Work request:
Transcribe word for word each line from the one containing "2026 Cadillac Escalade" to the final line of the data, both included. Skip the pictures.

Top of Records to process

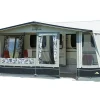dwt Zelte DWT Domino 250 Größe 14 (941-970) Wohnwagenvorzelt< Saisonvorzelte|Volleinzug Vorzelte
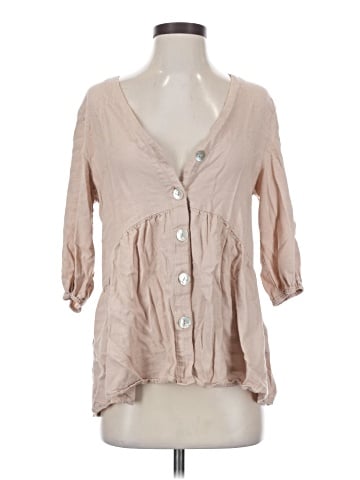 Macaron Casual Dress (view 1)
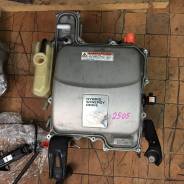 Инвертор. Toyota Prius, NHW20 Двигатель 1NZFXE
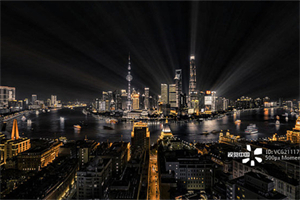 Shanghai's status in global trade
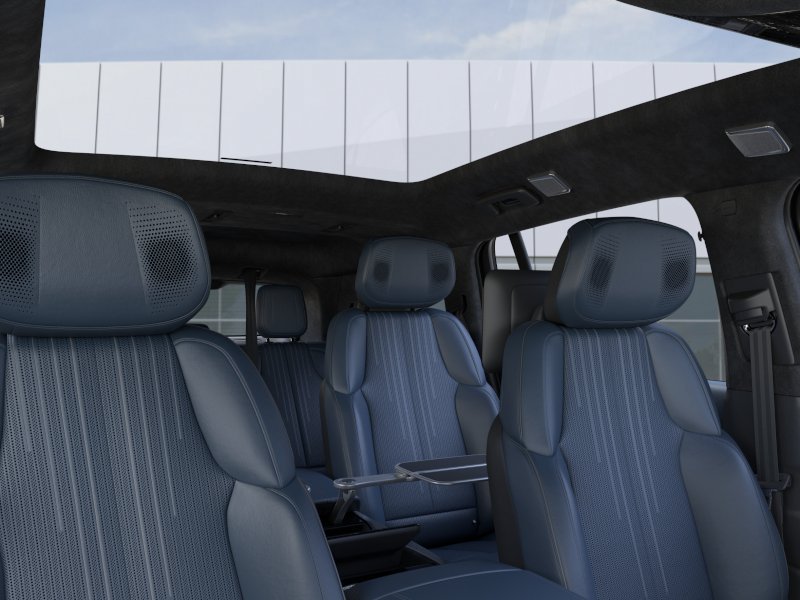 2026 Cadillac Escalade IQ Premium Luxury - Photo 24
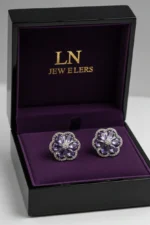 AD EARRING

Bottom of Records to process

Exercise answer:
 2026 Cadillac Escalade IQ Premium Luxury - Photo 24
 AD EARRING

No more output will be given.